Васильевское {Васильевское продано было Иваном Алексеевичем Яковлевым племяннику его, Николаю Павловичу Голохвастову, потом перешло к графине Александре Сергеевне Паниной, супруге графа Александра Никитича Панина.
Когда эта часть моих записок была уже передана в редакцию "Русской старины", я получила печальное известие, что графиня Александра Сергеевна кончила жизнь, исполненную добра и любви к ближнему. Васильевское она передала внуку своему и крестнику князю Щербатову, старшему сыну своей дочери. (Прим. Т. П. Пассек.)} находится против того берега Москвы-реки, на котором стоит Кунцево и Архангельское. Иван Алексеевич, объехавший почти всю Европу, говорил, что мало видал мест живописнее Васильевского.
С Марьинской горы и из некоторых комнат стоявшего на ней нового дома виднелись река, за ней село, церковь среди зелени, старый, полуразрушенный дом с садом и на несколько верст крутом деревеньки, усадьбы, горы, засеянные поля, пересеченные рощами и лесами.
Новый дом стоял на Марьинской горе одиноко, около него не было ни двора, ни надворных строений. С одной стороны его огибал глубокий овраг, поросший тальником, крапивой и чертополохом, по окраинам которого лепились, свесившись над ним, старые ветлы да небольшая кухня. Противоположно оврагу, перед фасадом дома, гора отлогой покатостию тянулась до столетней липовой рощи. С правой стороны дома она крутым обрывом спускалась к реке, а против всего низменного берега, на котором стоит Васильевское, простиралась горной возвышенностью, местами поросшей лесом.

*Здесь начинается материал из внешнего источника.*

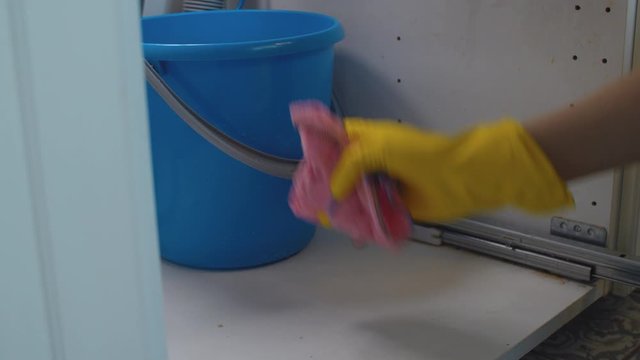 Close up woman's hands wiping the water with a rag. Water flowing from a syphon under the kitchen sink. Plumbing in need of repair. Housekeeping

Перед домом, по так называемому двору, росло несколько больших кустарников и развесистых деревьев; в густой, цветущей траве, покрывавшей гору, виднелись протоптанные узенькие тропинки.
Дом был новый, выстроенный из крупного соснового леса, ни снаружи, ни внутри не оштукатуренный. В нем пахло смолой, местами вытекавшей из стен янтарными каплями и нитями. Комнаты были светлы и довольно просторны. Они казались еще просторнее от того, что в них было очень мало мебели, и то самой простой. Комната Саши была в мезонине, там стояла его некрашеная кровать с сыромятным тюфяком, широкая липовая лавка и такой же стол, да два-три стула и полка для книг. Я помещалась внизу, в небольшой комнате с итальянским окном, подле которого стоял сосновый столик и стул. За неимением кровати, я спала на полу, на двух сложенных вместе тюфяках.